#### PROBLEM TO SOLVE
Leave out the pictures, and print exactly the lines from the one holding "Sell 3-room apartment." through the last line of the material.

□ □ □ □

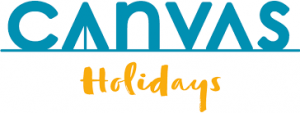Canvas Holidays Discount Codes & Vouchers 2022
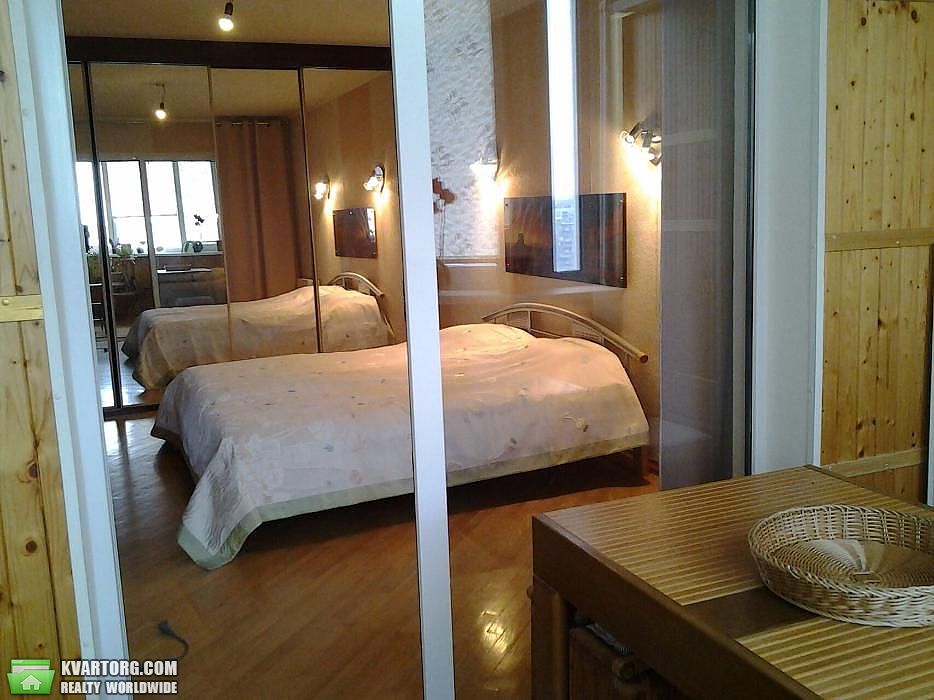 Sell 3-room apartment. Киев,  Лайоша Гавро — photo 8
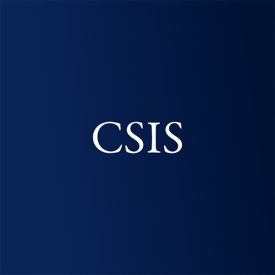 CSIS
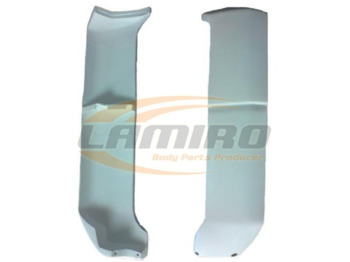 : фото в шапке страницы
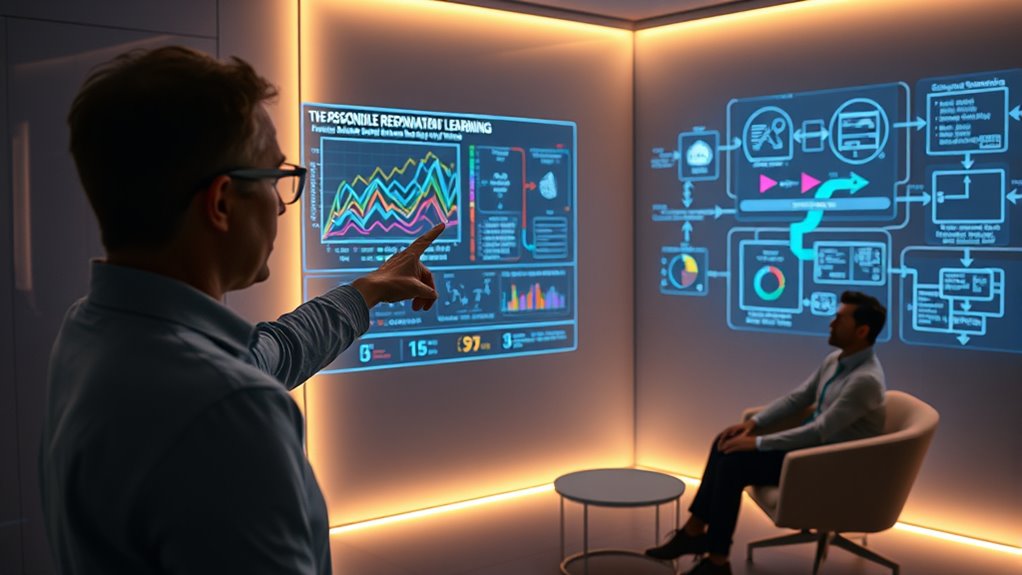 adaptive personalized coaching feedback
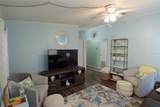 37643 Campo Avenue - Photo 6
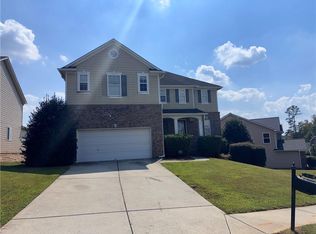 6508 Waterford St SW, Atlanta, GA 30331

□ □ □ □

#### EXERCISE SOLUTION
 Sell 3-room apartment. Киев,  Лайоша Гавро — photo 8
 CSIS
 : фото в шапке страницы
 adaptive personalized coaching feedback
 37643 Campo Avenue - Photo 6
 6508 Waterford St SW, Atlanta, GA 30331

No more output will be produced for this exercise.